Business lobbyists earned defeat of minimum wage bill

Gov. Andrew Cuomo at a news conference where he confirmed a proposed minimum wage hike will not proceed this year. AP Photo/Mike Groll

On Monday, Gov. Andrew Cuomo threw in the towel in Democrats’ recent efforts to raise New York State’s minimum wage. Citing unshakeable opposition to the measure in the Republican-controlled State Senate, Cuomo said the proposed increase in the minimum hourly wage from $7.25 to $8.50 was not going to happen this year.

“We hope for the ideal and we live in the real, right?” he said on the radio show Capitol Pressroom. “I don’t think this, at this time, is in the realm of the possible because the Senate has a heartfelt position in opposition.”

The Senate’s unyielding stand against the minimum wage hike came with plenty of outside encouragement. A review of lobbying data from the first two months of 2012, assembled for the New York World’s Lobbies at the Top database, shows that 21 businesses and trade organizations lobbied the state legislature in January and February on the minimum wage bill, compared with just three unions or anti-poverty groups.

The lobbyists that business associations deployed to Albany to influence the legislation were compensated on a very different scale from the workers whose wages were in question. To put this contrast in perspective, we reviewed the salaries of lobbyists who belonged to nonprofit trade groups such as the New York State chapters of the Retail Council and Restaurant Association, which must publicly disclose the salaries of their highest compensated employees.

These five lobbyists earned an average of $249,771 per year, according to disclosure forms from 2010, the most recent year on record.
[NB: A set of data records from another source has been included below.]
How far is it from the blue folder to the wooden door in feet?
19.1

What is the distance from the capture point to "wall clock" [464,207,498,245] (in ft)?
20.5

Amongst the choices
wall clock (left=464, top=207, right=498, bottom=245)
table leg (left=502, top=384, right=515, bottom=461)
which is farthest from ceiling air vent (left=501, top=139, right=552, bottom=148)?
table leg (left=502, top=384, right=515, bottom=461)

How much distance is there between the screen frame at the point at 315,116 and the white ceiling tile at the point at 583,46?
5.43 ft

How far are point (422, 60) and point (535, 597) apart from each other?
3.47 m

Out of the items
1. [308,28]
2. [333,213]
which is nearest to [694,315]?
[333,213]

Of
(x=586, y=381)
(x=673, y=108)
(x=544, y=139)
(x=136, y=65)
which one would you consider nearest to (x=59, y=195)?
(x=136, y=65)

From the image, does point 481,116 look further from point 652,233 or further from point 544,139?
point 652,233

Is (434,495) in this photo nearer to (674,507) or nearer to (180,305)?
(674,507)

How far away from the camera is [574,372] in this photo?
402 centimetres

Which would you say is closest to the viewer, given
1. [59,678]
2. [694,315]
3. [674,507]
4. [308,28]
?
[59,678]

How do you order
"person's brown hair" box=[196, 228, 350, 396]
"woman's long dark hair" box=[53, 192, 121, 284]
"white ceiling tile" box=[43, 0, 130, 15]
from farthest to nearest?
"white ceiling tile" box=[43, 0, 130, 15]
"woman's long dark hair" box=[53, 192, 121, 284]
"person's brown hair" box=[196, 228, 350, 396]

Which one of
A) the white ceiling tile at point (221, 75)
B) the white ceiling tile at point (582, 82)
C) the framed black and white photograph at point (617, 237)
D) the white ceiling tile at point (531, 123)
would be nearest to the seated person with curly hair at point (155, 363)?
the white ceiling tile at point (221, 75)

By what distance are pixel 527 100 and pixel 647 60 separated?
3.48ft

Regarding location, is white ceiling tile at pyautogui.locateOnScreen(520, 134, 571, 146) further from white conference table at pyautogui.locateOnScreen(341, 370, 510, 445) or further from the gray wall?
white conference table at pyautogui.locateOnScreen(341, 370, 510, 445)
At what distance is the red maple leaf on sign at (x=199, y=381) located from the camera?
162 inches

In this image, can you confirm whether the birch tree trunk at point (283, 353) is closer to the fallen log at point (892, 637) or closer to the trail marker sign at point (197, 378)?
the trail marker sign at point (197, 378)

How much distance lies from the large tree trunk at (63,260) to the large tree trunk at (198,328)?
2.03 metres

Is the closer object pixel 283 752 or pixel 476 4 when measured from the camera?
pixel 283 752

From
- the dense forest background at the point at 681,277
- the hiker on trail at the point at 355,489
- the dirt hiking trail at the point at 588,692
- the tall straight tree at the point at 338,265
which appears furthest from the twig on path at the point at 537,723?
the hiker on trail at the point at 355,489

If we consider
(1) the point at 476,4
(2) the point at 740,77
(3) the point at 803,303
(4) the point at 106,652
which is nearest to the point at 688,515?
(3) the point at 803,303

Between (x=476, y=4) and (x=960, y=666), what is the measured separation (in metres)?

Based on a work year with two weeks of vacation and the number of weekly hours listed on their disclosure forms, these lobbyists made an average of $134.21 per hour — more than 18 times the current minimum wage.
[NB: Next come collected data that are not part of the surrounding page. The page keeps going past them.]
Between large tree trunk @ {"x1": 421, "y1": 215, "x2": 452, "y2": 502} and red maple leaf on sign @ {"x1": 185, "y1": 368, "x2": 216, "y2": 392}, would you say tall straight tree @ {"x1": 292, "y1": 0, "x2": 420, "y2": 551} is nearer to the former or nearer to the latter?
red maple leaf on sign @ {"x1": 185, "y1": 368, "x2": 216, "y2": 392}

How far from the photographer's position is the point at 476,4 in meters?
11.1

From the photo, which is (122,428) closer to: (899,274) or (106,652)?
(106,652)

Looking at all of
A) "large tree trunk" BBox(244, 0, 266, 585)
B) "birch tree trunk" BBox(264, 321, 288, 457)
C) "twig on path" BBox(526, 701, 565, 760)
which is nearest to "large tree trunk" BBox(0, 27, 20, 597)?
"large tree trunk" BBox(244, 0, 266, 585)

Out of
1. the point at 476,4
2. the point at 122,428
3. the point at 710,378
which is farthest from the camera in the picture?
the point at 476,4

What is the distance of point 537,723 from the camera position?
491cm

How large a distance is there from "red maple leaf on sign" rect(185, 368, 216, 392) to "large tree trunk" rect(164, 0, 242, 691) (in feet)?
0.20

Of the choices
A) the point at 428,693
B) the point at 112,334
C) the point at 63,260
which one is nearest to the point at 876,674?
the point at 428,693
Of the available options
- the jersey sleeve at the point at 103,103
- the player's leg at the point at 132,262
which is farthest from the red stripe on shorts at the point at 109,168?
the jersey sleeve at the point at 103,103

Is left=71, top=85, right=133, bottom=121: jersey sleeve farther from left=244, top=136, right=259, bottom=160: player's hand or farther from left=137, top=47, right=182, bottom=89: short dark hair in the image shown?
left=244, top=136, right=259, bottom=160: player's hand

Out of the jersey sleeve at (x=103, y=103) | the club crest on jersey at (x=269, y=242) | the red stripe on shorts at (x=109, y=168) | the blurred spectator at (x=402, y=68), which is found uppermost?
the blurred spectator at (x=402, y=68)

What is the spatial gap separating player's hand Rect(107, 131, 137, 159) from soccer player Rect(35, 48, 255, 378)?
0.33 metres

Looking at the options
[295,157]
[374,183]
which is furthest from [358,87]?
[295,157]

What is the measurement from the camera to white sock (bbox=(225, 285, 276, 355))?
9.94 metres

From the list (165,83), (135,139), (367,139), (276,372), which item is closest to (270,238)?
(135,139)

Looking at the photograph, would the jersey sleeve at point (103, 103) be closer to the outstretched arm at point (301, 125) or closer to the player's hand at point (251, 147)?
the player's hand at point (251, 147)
The highest compensated lobbyist was James R. Sherin, president of the Retail Council of New York State, who earned $334.82 per hour, according to 2009 disclosure forms, the most recent ones available for his organization. His income also came from his simultaneous positions as the chairman of the council’s Workers’ Compensation Safety Group executive committee and as president of Retail Council Services Corp., the for-profit subsidiary of the Retail Council. Frederick Sampson, the president of the Restaurant Association of New York State, was the second highest-paid at $108.29 per hour.

One lobbyist for a workers’ advocacy organization that must disclose salary data, the National Employment Law Project, was active on the bill as well. Paul Sonn, the group’s legal co-director, earned $105,643 based on 2010 disclosures, or $52.82 per hour.

UPDATE 5/23/12: 

This morning, we got a call from the Retail Council of New York State, whose lobbying on the minimum wage bill we cited in our article. Vice President Ted Potrikus told us that the group was not opposed to all forms of increase in the state’s minimum wage but that it simply opposed an increase as large and abrupt as the one envisioned in Democrats’ legislation. Potrikus sent us his testimony before the Assembly Committee on Labor, which said that although “the Retail Council of New York State strongly opposes Assembly bill 9148” it might accept a bill similar to New York State’s 2004 minimum wage hike, which phased in the increase over a period of three years.